Material supplied ▸

=-=-=-=-=

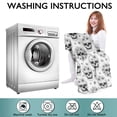 thumbnail image 6 of Wearable Oversized Blanket,White Floral Skull Pattern Wearable Blanket Hoodie for Adults,Cozy Hooded Blankets with Super Pockets,Super Warm Fuzzy Pullover for Women & Men, 6 of 6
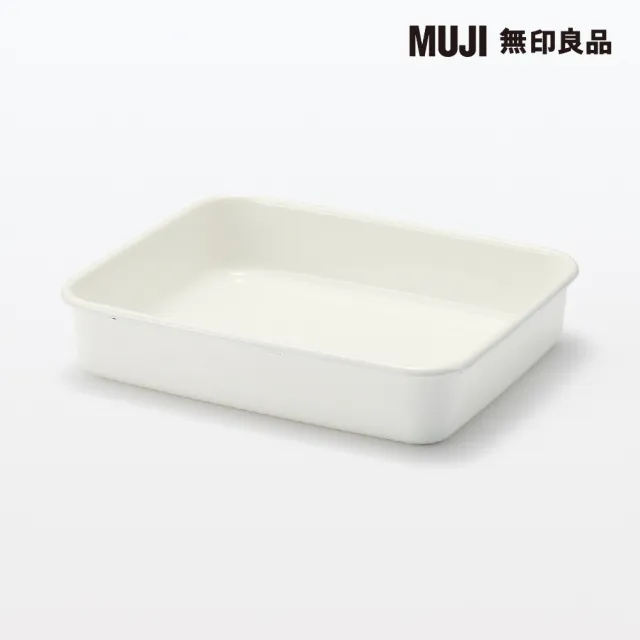 【MUJI 無印良品】琺瑯保存容器/大 約寬19*深23.5*高5cm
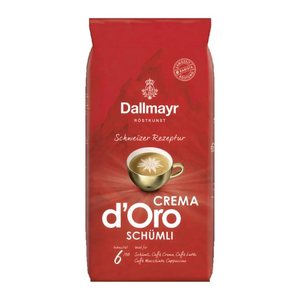 Dallmayr CREMA D'ORO SCHÜMLI Kaffeebohnen, Arabica- und Robustabohnen 1 kg
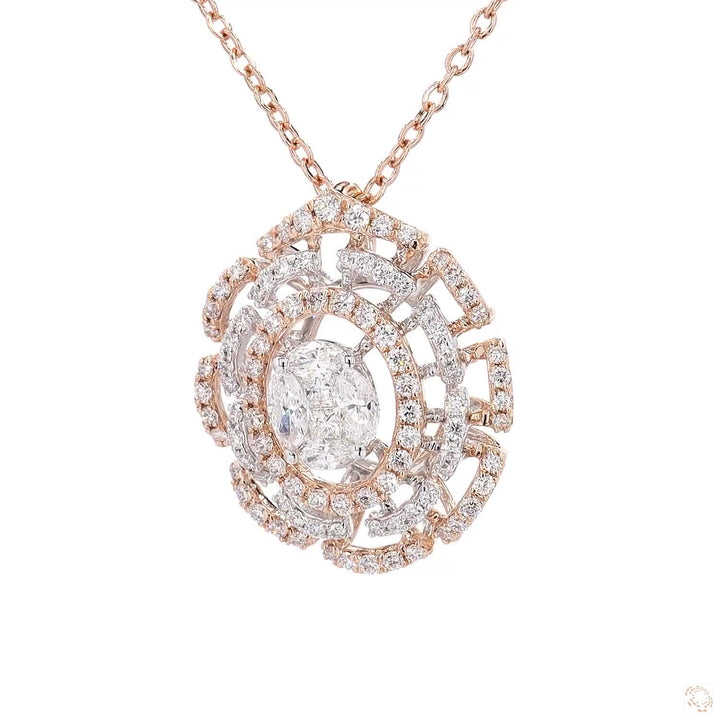 Florentine Dreams Pendant Set: Forever in Bloom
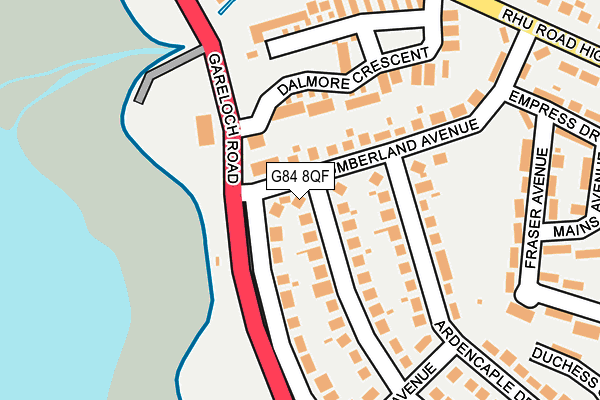 G84 8QF map - OS OpenMap – Local (Ordnance Survey) G84 8QF map - OS OpenMap – Local (Ordnance Survey)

=-=-=-=-=

About this exercise ▸ Everything in the records above except the pictures is to be reproduced word for word.

Answer to this problem ▸
 thumbnail image 6 of Wearable Oversized Blanket,White Floral Skull Pattern Wearable Blanket Hoodie for Adults,Cozy Hooded Blankets with Super Pockets,Super Warm Fuzzy Pullover for Women & Men, 6 of 6
 【MUJI 無印良品】琺瑯保存容器/大 約寬19*深23.5*高5cm
 Dallmayr CREMA D'ORO SCHÜMLI Kaffeebohnen, Arabica- und Robustabohnen 1 kg
 Florentine Dreams Pendant Set: Forever in Bloom
 G84 8QF map - OS OpenMap – Local (Ordnance Survey) G84 8QF map - OS OpenMap – Local (Ordnance Survey)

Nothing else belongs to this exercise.